China lanza una advertencia; Bessent impulsa las inversiones; peligra el acuerdo con Boeing
El viaje de Trump a Pekín demuestra que Estados Unidos necesita los acuerdos más de lo que los necesita China, lo cual perjudica la capacidad de negociación estadounidense y favorece a Pekín.
- Trump quiere grandes pedidos de Boeing, compras agrícolas, acuerdos energéticos e inversión china para estabilizar la economía estadounidense, pero China está jugando a ganar tiempo.
- China sigue insinuando compras de productos agrícolas y petróleo sin comprometerse: se renovaron los permisos para la carne de res, pero su valor es ínfimo en comparación con la soya y el gas.
- Pekín advirtió a Washington que no lo empuje hacia una guerra por Taiwán, con el argumento de que China simplemente puede esperar, ya que su economía y su tecnología siguen creciendo.

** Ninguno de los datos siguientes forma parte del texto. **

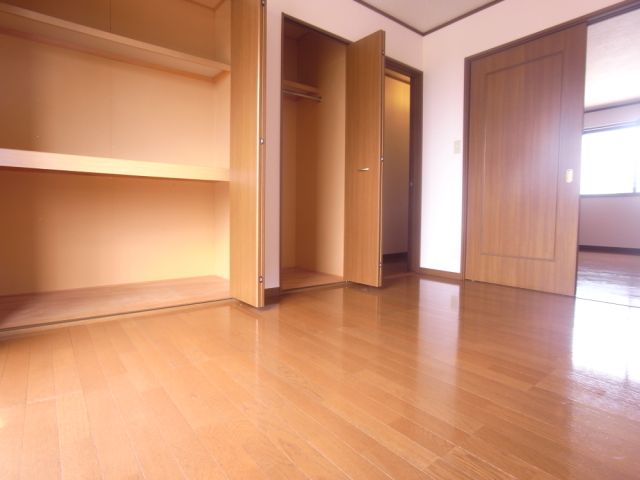 Living and room. It can be stored a lot!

- Estados Unidos quiere el dinero chino, pero les bloquea a las automotrices y a las fabricantes de chips chinas el acceso a industrias sensibles, lo que hace que la oferta resulte poco atractiva para Pekín.
- Jensen Huang, de Nvidia, viajó con la esperanza de cerrar un acuerdo sobre chips y se fue sin nada concreto, mientras que rivales chinos como Huawei siguen ganando terreno.
- Las expectativas de desempleo en Estados Unidos alcanzaron su nivel más alto en 12 meses, lo que aumenta la presión sobre Washington para cerrar acuerdos con rapidez.
Perspectiva: Ambas partes están ganando tiempo; es de esperar más anuncios de poca envergadura, pero ningún avance real en materia de tecnología, aranceles o Taiwán.